Reproduce the records below exactly as they are written.

________________________________________

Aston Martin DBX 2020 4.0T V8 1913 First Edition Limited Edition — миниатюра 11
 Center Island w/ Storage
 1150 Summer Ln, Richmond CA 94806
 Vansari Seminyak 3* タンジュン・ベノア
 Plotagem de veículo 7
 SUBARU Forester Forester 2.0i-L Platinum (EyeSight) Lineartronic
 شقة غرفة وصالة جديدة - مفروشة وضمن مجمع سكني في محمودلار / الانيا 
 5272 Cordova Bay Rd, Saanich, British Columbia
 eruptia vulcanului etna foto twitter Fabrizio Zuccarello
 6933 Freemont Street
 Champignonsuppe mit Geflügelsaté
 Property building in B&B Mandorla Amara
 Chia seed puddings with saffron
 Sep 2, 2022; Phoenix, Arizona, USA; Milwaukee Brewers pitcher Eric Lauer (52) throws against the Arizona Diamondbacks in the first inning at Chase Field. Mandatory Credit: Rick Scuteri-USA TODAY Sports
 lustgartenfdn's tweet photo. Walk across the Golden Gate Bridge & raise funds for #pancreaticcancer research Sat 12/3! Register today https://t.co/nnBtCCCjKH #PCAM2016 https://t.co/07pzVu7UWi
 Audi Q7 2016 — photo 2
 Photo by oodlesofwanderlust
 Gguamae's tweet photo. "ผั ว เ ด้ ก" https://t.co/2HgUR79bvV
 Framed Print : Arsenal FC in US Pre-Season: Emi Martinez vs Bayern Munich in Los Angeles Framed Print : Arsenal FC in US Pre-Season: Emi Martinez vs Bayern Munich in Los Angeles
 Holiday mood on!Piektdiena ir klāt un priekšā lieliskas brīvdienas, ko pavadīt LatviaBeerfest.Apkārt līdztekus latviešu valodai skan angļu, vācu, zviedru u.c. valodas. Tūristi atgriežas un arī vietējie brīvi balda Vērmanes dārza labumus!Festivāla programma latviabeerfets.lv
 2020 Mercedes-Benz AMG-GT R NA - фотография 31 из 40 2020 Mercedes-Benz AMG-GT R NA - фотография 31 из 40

________________________________________

▶ [Your solution]:
Aston Martin DBX 2020 4.0T V8 1913 First Edition Limited Edition — миниатюра 11
 Center Island w/ Storage
 1150 Summer Ln, Richmond CA 94806
 Vansari Seminyak 3* タンジュン・ベノア
 Plotagem de veículo 7
 SUBARU Forester Forester 2.0i-L Platinum (EyeSight) Lineartronic
 شقة غرفة وصالة جديدة - مفروشة وضمن مجمع سكني في محمودلار / الانيا 
 5272 Cordova Bay Rd, Saanich, British Columbia
 eruptia vulcanului etna foto twitter Fabrizio Zuccarello
 6933 Freemont Street
 Champignonsuppe mit Geflügelsaté
 Property building in B&B Mandorla Amara
 Chia seed puddings with saffron
 Sep 2, 2022; Phoenix, Arizona, USA; Milwaukee Brewers pitcher Eric Lauer (52) throws against the Arizona Diamondbacks in the first inning at Chase Field. Mandatory Credit: Rick Scuteri-USA TODAY Sports
 lustgartenfdn's tweet photo. Walk across the Golden Gate Bridge & raise funds for #pancreaticcancer research Sat 12/3! Register today https://t.co/nnBtCCCjKH #PCAM2016 https://t.co/07pzVu7UWi
 Audi Q7 2016 — photo 2
 Photo by oodlesofwanderlust
 Gguamae's tweet photo. "ผั ว เ ด้ ก" https://t.co/2HgUR79bvV
 Framed Print : Arsenal FC in US Pre-Season: Emi Martinez vs Bayern Munich in Los Angeles Framed Print : Arsenal FC in US Pre-Season: Emi Martinez vs Bayern Munich in Los Angeles
 Holiday mood on!Piektdiena ir klāt un priekšā lieliskas brīvdienas, ko pavadīt LatviaBeerfest.Apkārt līdztekus latviešu valodai skan angļu, vācu, zviedru u.c. valodas. Tūristi atgriežas un arī vietējie brīvi balda Vērmanes dārza labumus!Festivāla programma latviabeerfets.lv
 2020 Mercedes-Benz AMG-GT R NA - фотография 31 из 40 2020 Mercedes-Benz AMG-GT R NA - фотография 31 из 40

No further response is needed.